▶ [WORK ITEM]:
Starting at the line that contains "thumbnail image 2" in the listing below, write out every line word for word until you have written the line that contains "Briggs New York Pants".

▶ [RECORDS SUPPLIED]:
◆ ◆ ◆ ◆ ◆ ◆ ◆

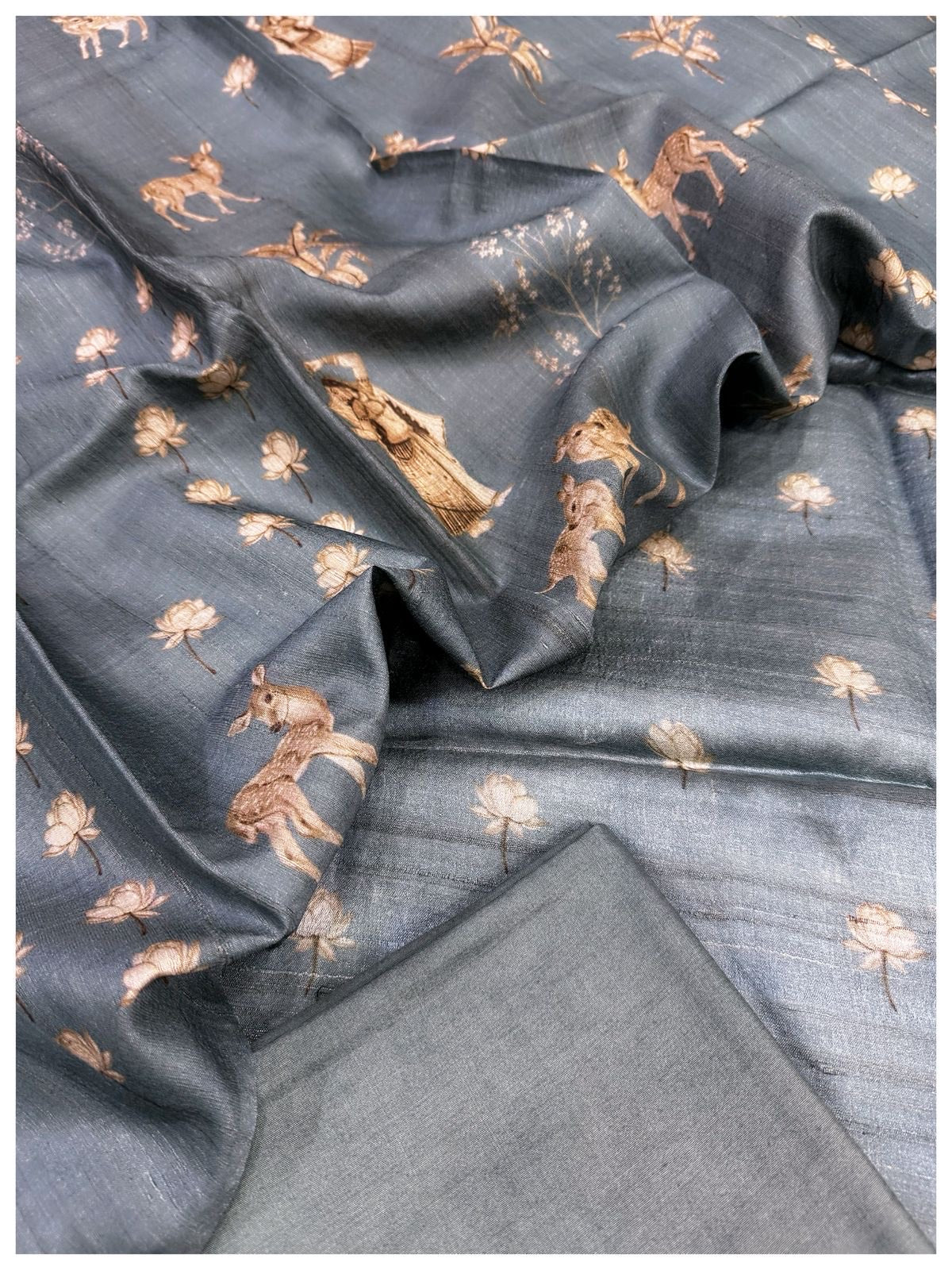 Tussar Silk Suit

◆ ◆ ◆ ◆ ◆ ◆ ◆

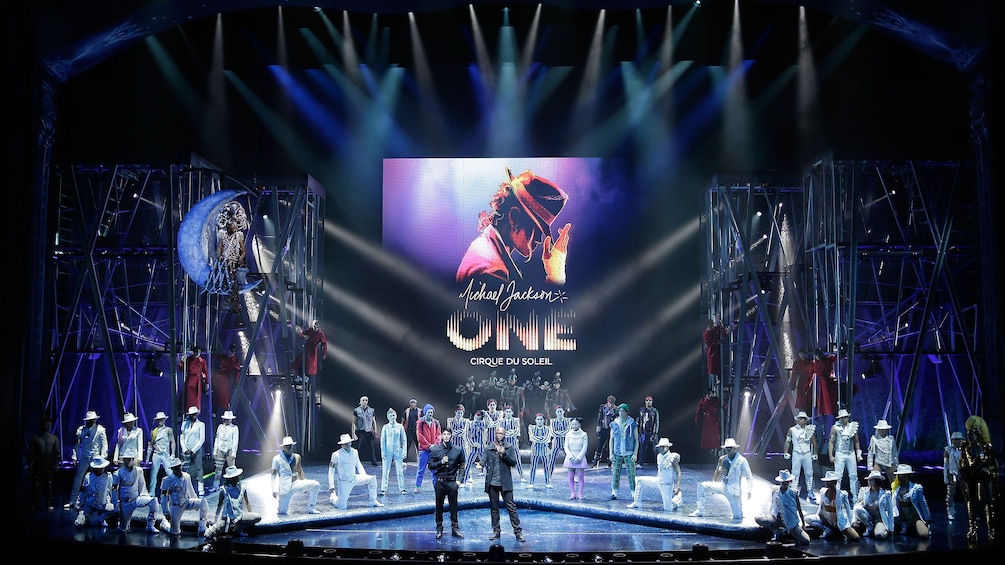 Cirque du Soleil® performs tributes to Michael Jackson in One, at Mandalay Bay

◆ ◆ ◆ ◆ ◆ ◆ ◆

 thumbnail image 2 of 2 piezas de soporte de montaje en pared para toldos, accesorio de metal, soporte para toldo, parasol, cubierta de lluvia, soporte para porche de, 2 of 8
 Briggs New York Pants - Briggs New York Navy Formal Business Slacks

◆ ◆ ◆ ◆ ◆ ◆ ◆

▶ [EXPECTED ANSWER]:
 thumbnail image 2 of 2 piezas de soporte de montaje en pared para toldos, accesorio de metal, soporte para toldo, parasol, cubierta de lluvia, soporte para porche de, 2 of 8
 Briggs New York Pants - Briggs New York Navy Formal Business Slacks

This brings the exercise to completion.